“What is true peace, I cannot know.
A hundred wars have come and gone
as I’ve grown old. I bear their burdens in my bones.
Mine’s the heart that burns
today, mine the thirst, the hunger in the soul.”
-Sam Hamill, True Peace
It’s likely no surprise to those who know me or regularly read this blog that I’m an avid reader. I also have a master’s degree in writing and have had the pleasure to meet many writers besides my grad school instructors. Some of those writers and teachers influenced my wanderlust and unknowingly convinced me to move abroad.
I think about those writers every now and then–some more than others as I have connected with some on Facebook and Instagram. And I’ve recently thought about many of them a bit more as I learned of the passing of poet Sam Hamill on April 14.
During my second summer writing program at Naropa University in Colorado, I had the pleasure of meeting Sam. The week he taught at the school, I was enrolled in a class with another writer, but I got to learn about Sam’s work through panels and readings. He was different from the other visiting faculty–he was more straightforward and didn’t want to sugarcoat any criticism he had. Sam didn’t seem to care for the touchy-feely nature of creative writing programs in the US–he was willing to tell students when they were wrong.
Hearing him speak was a breath of fresh air. Some students were even intimidated by his personality. I found Sam fascinating. I was fortunate enough to join the faculty for drinks and light snacks at The Boulderado Hotel bar after faculty readings (most students didn’t go because they didn’t feel comfortable around the visiting writers, so I had an easier time talking with them). Sam talked at length about his time in the Marines, stationed in Japan.
He told me about his love of the language and food and drink. He said he’d wake up early when stationed in Japan so he could study Japanese. His goal was to study Zen Buddhist texts in Japanese instead of through translation. And that led him to translate Japanese poetry, as well as classical Chinese poetry even though he couldn’t speak Mandarin (he admitted that it was a more difficult language).
By the end of the summer, I had a signed copy of Sam’s Gratitude, which I have held on to and reread a few times.
Prior to meeting Sam Hamill, I had decided that I wanted to move abroad for a while. I had a contemporary novel class with novelist Laird Hunt earlier that year. Laird told stories about his time in Japan in the JET program and his subsequent work at the UN. We read Circle K Cycles by Karen Tei Yamashita, which fascinated me with its story and use of Japanese and Brazilian Portuguese.

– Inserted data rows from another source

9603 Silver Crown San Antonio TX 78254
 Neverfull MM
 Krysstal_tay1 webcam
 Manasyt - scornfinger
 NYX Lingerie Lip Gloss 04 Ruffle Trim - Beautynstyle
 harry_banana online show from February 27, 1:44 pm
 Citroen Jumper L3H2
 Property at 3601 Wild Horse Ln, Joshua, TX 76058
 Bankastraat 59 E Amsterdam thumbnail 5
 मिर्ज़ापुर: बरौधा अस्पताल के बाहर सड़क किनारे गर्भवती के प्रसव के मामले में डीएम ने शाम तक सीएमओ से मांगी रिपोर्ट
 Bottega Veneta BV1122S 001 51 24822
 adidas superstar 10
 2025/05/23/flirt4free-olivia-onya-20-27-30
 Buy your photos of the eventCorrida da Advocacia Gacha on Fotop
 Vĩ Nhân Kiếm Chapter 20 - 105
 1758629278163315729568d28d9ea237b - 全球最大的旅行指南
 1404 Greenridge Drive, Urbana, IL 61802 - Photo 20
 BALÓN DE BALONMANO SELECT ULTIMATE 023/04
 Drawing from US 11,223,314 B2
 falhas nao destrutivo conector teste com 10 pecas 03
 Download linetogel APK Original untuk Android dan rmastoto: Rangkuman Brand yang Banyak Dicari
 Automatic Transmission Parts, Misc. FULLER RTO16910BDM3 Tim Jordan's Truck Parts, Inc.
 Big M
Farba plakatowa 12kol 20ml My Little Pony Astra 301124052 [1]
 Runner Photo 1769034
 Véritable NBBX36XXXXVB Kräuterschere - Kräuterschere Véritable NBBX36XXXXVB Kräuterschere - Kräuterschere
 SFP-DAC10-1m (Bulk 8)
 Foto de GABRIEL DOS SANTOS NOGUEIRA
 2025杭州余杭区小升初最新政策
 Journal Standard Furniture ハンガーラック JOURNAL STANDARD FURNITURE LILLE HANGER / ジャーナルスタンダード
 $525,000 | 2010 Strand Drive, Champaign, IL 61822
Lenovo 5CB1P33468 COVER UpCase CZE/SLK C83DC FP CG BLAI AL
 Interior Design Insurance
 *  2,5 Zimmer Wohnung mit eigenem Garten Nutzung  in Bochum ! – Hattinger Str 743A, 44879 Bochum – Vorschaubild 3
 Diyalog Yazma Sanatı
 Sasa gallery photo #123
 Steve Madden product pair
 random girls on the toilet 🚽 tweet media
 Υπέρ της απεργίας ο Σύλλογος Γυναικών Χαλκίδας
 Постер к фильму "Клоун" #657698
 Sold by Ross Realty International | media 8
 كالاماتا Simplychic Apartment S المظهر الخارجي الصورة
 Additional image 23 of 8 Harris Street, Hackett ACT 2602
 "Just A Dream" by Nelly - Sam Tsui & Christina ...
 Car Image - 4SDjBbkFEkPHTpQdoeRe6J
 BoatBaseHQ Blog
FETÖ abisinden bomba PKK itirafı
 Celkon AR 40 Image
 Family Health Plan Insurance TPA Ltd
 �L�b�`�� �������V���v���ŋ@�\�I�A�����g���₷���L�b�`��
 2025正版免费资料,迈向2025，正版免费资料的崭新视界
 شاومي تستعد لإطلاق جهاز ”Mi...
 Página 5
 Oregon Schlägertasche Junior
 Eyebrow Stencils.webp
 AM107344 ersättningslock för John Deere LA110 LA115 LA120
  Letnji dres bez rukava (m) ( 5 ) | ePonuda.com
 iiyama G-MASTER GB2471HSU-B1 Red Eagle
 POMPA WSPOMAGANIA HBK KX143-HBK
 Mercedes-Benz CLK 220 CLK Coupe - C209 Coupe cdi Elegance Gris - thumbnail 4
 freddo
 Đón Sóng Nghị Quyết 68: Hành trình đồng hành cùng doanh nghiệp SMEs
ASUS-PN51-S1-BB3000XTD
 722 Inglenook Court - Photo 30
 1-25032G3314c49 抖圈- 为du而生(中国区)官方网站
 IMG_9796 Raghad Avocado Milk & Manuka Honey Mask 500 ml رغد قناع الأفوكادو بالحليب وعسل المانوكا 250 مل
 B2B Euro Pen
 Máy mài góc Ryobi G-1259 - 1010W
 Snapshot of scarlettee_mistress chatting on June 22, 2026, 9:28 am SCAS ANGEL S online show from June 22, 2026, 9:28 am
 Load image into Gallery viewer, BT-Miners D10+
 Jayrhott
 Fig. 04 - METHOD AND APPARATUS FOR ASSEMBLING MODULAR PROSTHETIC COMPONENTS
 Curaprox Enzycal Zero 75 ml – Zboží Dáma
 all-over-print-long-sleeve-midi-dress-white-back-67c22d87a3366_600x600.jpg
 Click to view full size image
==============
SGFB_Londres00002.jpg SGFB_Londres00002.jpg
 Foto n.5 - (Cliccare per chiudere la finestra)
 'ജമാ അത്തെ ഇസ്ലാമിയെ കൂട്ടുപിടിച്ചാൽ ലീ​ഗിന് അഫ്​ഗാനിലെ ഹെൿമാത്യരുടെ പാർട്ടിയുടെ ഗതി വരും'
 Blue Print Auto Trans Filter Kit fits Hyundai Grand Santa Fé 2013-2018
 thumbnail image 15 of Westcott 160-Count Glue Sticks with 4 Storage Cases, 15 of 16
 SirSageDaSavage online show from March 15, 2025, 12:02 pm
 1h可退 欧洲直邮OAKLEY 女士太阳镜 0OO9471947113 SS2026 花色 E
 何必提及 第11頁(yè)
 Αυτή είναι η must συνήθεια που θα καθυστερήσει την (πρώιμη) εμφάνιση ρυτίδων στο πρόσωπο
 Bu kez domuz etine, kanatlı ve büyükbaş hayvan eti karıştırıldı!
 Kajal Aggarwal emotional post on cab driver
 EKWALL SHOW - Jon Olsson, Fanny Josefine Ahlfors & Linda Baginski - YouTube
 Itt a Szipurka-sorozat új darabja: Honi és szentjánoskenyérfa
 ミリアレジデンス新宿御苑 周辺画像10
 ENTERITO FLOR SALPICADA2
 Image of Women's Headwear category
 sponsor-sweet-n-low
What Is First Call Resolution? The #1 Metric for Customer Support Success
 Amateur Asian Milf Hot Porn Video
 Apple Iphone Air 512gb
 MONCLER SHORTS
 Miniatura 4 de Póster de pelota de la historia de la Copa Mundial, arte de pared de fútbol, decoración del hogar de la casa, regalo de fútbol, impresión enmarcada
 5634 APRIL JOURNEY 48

A semester later, I enrolled in the TEFL certification program to complete while writing my dissertation. I was interested in moving to Japan then, though I wanted to avoid Tokyo at the time. I spent many evenings at the sake bar in Boulder, working on my dissertation as well as some freelance editing to pay for my drinks. As just about everyone there was from Japan, I asked a lot of questions–the staff was encouraging me to move.
As graduation neared, I wasn’t entirely set on moving to Japan. Between my dissertation semester and the second summer writing program, I traveled to Israel. I began looking for jobs there, though there didn’t seem to be much other than some volunteer work.
During that same summer that I met Sam Hamill, I met poet Linh Dinh. When I first met Linh, I had just applied for a job to teach in Vietnam. I told him about it and his response was, “Why?” He didn’t think moving to the country of his birth was a great idea. He did, however, like a short story that I showed him and encourage me to send it to a few publications (that story is still unpublished and continues to rack up rejections).
In the end, I moved to neither Japan nor Vietnam, though I would stay in both for an extended time years later. But it was the insight of those writers and others that drove my experience abroad. They made me strive to learn Chinese–sink or swim as I had thought of it then.
I wrote some poetry during my time in China, and a few of those poems have been published in now-defunct journals. I even started a China-focused literary journal that published nine issues (a few of them are still available on Issuu).
I’m grateful for writers like Sam Hamill who have influenced me through more than just their writing.